In March of 2009, Scott was invited as a special guest
to play at an event in a small Canadian prairie town. The closest place to land would have been several hours away in Billings,
Montana. Scott decided to take a longer route with an even longer history.
This would be no ordinary artist retreat.
Two days by train from Springfield, MA to Havre, MT aboard the Amtrak "Empire
Builder" and carrying nothing but a small suitcase, a banjo and a laptop computer. Scott left an oncoming blizzard in
New England and emerged two days later to the balmy 50 degrees of the Chinook wind blessed town of Havre (Pronounced "Have-Her")
Montana.
A visit to Bearpaw Battlefield,
and a border-crossing 100 mile drive (across mostly unpaved roads) to live for one week alone in the Eastend, Sakatchewan
boyhood home of Pulitzer Prize Winning Author Wallace Stegner.

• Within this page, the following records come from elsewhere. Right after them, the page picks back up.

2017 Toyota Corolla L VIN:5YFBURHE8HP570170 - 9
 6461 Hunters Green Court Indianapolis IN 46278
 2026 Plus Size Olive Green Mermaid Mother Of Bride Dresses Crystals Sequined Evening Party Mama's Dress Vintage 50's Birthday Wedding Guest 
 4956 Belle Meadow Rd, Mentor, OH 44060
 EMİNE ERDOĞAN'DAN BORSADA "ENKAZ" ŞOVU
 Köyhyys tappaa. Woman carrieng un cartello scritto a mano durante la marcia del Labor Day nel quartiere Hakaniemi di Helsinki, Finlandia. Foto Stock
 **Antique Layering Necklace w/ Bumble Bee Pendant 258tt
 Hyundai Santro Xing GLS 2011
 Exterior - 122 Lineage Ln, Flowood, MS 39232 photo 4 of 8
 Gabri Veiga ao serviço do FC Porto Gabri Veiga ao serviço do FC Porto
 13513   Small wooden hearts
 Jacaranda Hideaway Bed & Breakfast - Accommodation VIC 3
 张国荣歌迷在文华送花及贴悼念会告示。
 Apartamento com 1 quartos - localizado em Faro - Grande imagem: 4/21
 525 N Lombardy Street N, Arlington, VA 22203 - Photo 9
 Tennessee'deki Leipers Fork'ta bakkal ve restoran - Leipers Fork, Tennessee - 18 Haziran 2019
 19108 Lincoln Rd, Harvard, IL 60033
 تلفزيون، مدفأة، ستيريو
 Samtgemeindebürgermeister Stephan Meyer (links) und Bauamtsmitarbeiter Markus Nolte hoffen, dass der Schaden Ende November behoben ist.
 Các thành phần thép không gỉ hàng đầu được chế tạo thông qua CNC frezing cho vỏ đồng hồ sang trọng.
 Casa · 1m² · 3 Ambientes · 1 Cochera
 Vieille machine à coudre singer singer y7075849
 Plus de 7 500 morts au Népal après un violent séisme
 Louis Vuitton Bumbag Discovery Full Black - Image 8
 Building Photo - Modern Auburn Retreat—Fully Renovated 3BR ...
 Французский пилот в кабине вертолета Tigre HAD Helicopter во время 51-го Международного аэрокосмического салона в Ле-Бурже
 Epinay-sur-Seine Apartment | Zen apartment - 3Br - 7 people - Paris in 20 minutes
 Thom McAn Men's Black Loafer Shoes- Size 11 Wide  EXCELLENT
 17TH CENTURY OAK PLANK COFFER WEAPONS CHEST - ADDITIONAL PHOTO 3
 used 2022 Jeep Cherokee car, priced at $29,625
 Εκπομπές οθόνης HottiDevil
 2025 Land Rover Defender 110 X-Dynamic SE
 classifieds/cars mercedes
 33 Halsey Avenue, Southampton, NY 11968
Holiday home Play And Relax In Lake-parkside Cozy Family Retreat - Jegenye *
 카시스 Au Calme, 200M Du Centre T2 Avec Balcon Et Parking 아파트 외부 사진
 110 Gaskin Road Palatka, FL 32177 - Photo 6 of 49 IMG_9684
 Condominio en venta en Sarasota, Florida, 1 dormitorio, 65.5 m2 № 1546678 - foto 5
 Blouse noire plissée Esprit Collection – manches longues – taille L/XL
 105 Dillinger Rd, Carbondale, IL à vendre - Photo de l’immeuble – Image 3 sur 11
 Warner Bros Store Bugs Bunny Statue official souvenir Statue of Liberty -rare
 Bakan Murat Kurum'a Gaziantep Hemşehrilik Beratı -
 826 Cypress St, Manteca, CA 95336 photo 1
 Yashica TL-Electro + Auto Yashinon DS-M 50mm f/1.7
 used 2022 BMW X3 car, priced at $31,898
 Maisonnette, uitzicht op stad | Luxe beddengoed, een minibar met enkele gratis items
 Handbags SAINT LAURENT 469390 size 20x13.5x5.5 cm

Scott spent several days retracing the author's early 1900's steps, conversing with the locals, and performing
at the 22nd Annual Memorial Dinner and Benefit on March 8th, 2009 in front of 300+ curious Canadians, in a town of only 600
residents.
Just as Scott was getting comfortable
in the Chinook wind blessed conditions, the temperatures quickly plummeted to -28F... and it was time to do the entire trip
in reverse. The train ride that went 3/4s of the way across America and back. Whiteout
conditions in North Dakota. Recording songs between Minneapolis and MIlwaukee. Out-of-body
experiences in downtown Chicago.
Scott has documented the entire experience in song, picture, music video and story...
and the adventures have since continued into the Northeast Kingdom of Vermont, where Scott has traced the latter-life roots
of Wallace Stegner in his summer hometown of Greensboro (specifically Caspian Lake, and some of the ties with poet Robert
Frost at Lake Willoughby), where the volume of songs, stories and pictures have only grown larger.